In Barrett's esophagus, tissue in the tube connecting your mouth and stomach (esophagus) is replaced by tissue similar to the intestinal lining.

Barrett's esophagus is often diagnosed in people who have long-term gastroesophageal reflux disease (GERD) — a chronic regurgitation of acid from the stomach into the lower esophagus. Only a small percentage of people with GERD will develop Barrett's esophagus.

Barrett's esophagus is associated with an increased risk of developing esophageal cancer. Although the risk is small, it's important to have regular checkups for precancerous cells (dysplasia). If precancerous cells are discovered, they can be treated to prevent esophageal cancer.

Risk factors
Factors that increase your risk of Barrett's esophagus include:

  • Chronic heartburn and acid reflux. Having GERD that doesn't get better when taking medications known as proton pump inhibitors or having GERD that requires regular medication can increase the risk of Barrett's esophagus.
  • Age. Barrett's esophagus can occur at any age but is more common in older adults.
  • Being a man. Men are far more likely to develop Barrett's esophagus.
  • Being white. White people have a greater risk of the disease than do people of other races.
  • Being overweight. Body fat around your abdomen further increases your risk.
  • Current or past smoking.

Complications
Esophageal cancer
People with Barrett's esophagus have an increased risk of esophageal cancer. The risk is small, even in people who have precancerous changes in their esophagus cells. Most people with Barrett's esophagus will never develop esophageal cancer.

Diagnosis
Endoscopy is generally used to determine if you have Barrett's esophagus.  A lighted tube with a camera at the end (endoscope) is passed down your throat to check for signs of changing esophagus tissue. Normal esophagus tissue appears pale and glossy. In Barrett's esophagus, the tissue appears red and velvety.  Your doctor will remove tissue (biopsy) from your esophagus. The biopsied tissue can be examined to determine the degree of change.

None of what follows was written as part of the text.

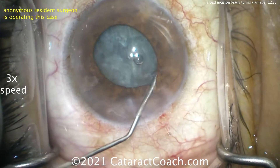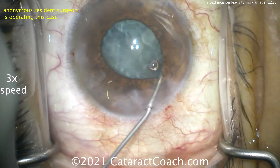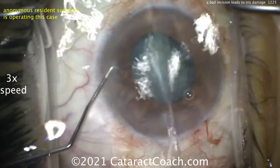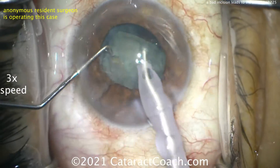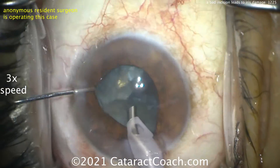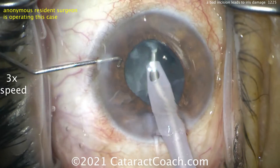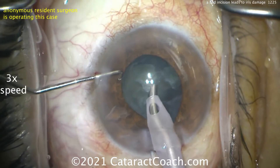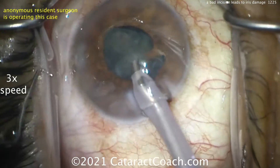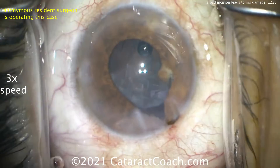Look — I already have iris prolapse. With that anterior chamber instability, the iris is going to prolapse more and more, and the pupil will become smaller and smaller. Getting the nucleus up out of the bag is a good move — now all you have to do is take it out without touching the iris. Look how the iris is peaked toward the incision — it's prolapsing out because of too much fluidic flow. Oh — we just nailed the iris there. Again, nailed the iris. Remember how delicate and wimpy that iris is.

Screening for Barrett's esophagus
Barrett's esophagus diagnosis
The American College of Gastroenterology says screening may be recommended for men who have had GERD symptoms at least weekly that don't respond to treatment with proton pump inhibitor medication, and who have at least two more risk factors, including:

  • Being over 50
  • Being white
  • Having a lot of abdominal fat
  • Being a current or past smoker
  • Having a family history of Barrett's esophagus or esophageal cancer

While women are significantly less likely to have Barrett's esophagus, women should be screened if they have uncontrolled reflux or have other risk factors for Barrett's esophagus.

Treatment
If you have evidence of precancerous changes in the esophagus, we are the only center in the Merrimack Valley that offers  radiofrequency ablation, which uses heat to remove abnormal esophagus tissue. Radiofrequency ablation may be recommended after endoscopic resection.